> **RECORDS SHOWN**
■ ■ ■ ■
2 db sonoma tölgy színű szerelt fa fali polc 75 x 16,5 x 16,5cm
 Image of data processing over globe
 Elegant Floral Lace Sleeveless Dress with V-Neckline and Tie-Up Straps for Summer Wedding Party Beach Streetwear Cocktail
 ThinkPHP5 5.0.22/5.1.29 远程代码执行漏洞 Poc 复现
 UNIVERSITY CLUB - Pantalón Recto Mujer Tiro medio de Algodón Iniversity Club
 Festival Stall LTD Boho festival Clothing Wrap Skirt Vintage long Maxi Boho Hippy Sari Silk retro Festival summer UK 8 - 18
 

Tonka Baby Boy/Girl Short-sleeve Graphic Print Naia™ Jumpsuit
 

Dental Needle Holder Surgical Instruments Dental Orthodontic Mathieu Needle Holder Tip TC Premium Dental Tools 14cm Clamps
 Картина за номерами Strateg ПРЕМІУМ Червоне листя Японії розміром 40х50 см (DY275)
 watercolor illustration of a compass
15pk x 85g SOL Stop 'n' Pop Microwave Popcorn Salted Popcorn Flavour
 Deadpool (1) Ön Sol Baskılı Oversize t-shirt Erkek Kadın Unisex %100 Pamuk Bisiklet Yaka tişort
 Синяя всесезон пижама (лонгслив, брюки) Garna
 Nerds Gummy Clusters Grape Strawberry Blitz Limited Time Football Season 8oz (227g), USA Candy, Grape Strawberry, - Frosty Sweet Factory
■ ■ ■ ■
> **INSTRUCTIONS TO FOLLOW**
For this task, please set down every entry exactly, with no line left out.

> **ANSWER SPACE**
2 db sonoma tölgy színű szerelt fa fali polc 75 x 16,5 x 16,5cm
 Image of data processing over globe
 Elegant Floral Lace Sleeveless Dress with V-Neckline and Tie-Up Straps for Summer Wedding Party Beach Streetwear Cocktail
 ThinkPHP5 5.0.22/5.1.29 远程代码执行漏洞 Poc 复现
 UNIVERSITY CLUB - Pantalón Recto Mujer Tiro medio de Algodón Iniversity Club
 Festival Stall LTD Boho festival Clothing Wrap Skirt Vintage long Maxi Boho Hippy Sari Silk retro Festival summer UK 8 - 18
 

Tonka Baby Boy/Girl Short-sleeve Graphic Print Naia™ Jumpsuit
 

Dental Needle Holder Surgical Instruments Dental Orthodontic Mathieu Needle Holder Tip TC Premium Dental Tools 14cm Clamps
 Картина за номерами Strateg ПРЕМІУМ Червоне листя Японії розміром 40х50 см (DY275)
 watercolor illustration of a compass
15pk x 85g SOL Stop 'n' Pop Microwave Popcorn Salted Popcorn Flavour
 Deadpool (1) Ön Sol Baskılı Oversize t-shirt Erkek Kadın Unisex %100 Pamuk Bisiklet Yaka tişort
 Синяя всесезон пижама (лонгслив, брюки) Garna
 Nerds Gummy Clusters Grape Strawberry Blitz Limited Time Football Season 8oz (227g), USA Candy, Grape Strawberry, - Frosty Sweet Factory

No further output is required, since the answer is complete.